The Cognac region lies west of the Massif Central and north of Bordeaux. Through its centre runs the Charente river, on the banks of which you will find the picturesque communes of Cognac and Jarnac.The entire area benefits from vast deposits of chalk soil and a cool maritime climate that are ideal for growing particular varieties of white grape. The sort of grapes that make acidic wines that really want to be distilled. Since the 17th century, the region’s oak aged wine spirits – or brandies, if you prefer – have been celebrated around the world for their unique quality and character.

Right now, in Cognac there are over four-thousand growers tending 76,000 hectares of vines over six geologically distinct sub-regions, or ‘crus’. Their efforts are largely dedicated to cultivating the Ugni Blanc grape variety, which got there by way of Italy where it’s better known as Trebbiano. The viticulteurs of the Charente use this grape to make pale, fresh, low-ABV wine that isn’t all that good for the table, but which really comes into its own when heated to 78.3 degrees centigrade during distillation. It’s passed twice through a traditional copper pot still called an alambic Charentais – once to produce a hazy liquid called ‘brouillis’ and once again to make clear and aromatic spirit called ‘bonne Chauffe’. This clear spirit, which runs off the condenser at a tasty 70% ABV, is also known as ‘eau–de-vie’ – the water of life.

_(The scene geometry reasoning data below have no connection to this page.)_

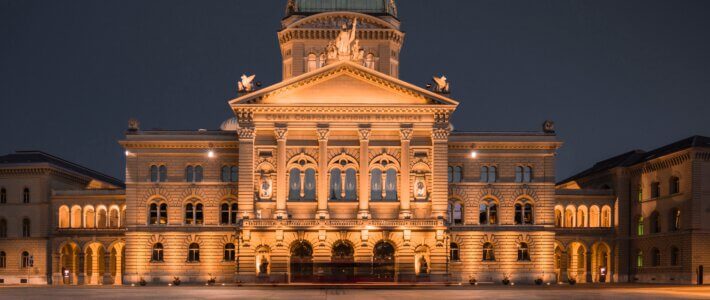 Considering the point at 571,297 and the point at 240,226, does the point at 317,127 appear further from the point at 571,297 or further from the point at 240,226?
the point at 571,297

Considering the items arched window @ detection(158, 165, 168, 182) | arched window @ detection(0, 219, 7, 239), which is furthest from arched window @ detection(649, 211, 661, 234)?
arched window @ detection(0, 219, 7, 239)

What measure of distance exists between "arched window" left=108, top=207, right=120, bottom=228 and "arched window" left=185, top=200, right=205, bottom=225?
11.4 meters

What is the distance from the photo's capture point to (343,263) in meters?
104

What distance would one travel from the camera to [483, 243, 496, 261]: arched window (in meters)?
112

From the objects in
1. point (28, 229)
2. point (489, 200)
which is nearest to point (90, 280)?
point (28, 229)

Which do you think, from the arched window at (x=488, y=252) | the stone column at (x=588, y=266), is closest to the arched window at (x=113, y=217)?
the arched window at (x=488, y=252)

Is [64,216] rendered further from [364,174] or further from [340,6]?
[340,6]

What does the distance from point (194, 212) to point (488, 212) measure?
30785mm

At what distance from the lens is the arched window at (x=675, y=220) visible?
354 feet

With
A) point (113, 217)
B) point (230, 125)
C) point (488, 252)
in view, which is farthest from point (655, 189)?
point (113, 217)

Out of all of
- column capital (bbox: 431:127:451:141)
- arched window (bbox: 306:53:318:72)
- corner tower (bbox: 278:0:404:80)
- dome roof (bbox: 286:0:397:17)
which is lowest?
column capital (bbox: 431:127:451:141)

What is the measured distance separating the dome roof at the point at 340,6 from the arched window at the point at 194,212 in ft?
82.4

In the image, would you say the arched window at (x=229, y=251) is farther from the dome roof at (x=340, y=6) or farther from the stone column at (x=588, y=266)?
the stone column at (x=588, y=266)

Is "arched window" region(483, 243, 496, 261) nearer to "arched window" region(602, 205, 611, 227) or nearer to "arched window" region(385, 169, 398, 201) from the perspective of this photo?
"arched window" region(385, 169, 398, 201) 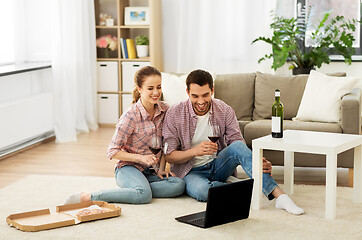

The eau-de-vie is then filled into barrels made from native French oak, cut in the forests of the Limousin or the Tronçais, after which it is stored in cellars while it undergoes evaporation, reduction, concentration, oxidation and all sorts of other processes, as well as absorbing various flavour compounds from the oak itself. After two years, the eau-de-vie has ascended to full Cognac status and is recognised as such under the law. However, many Cognacs are aged for much longer than this. In fact, some eau-de-vie are thought to keep improving for many decades, reaching their absolute peak after a century or more in the cellar.

Cognac will have distinct characteristics representing the provenance of the grapes used to make it, the cellars it was matured in, and the type of oak used in its maturation. The blenders of Cognac, known at home as ‘cellar masters’, create combinations of different eau–de-vie in pursuit of balance, consistency, and general deliciousness. As part of this process they will often use distilled water or old, under-proof eau de vie, to bring their creations down to a palatable alcohol content of around 40%. After this, all that remains is to bottle the finished article and send it out to you.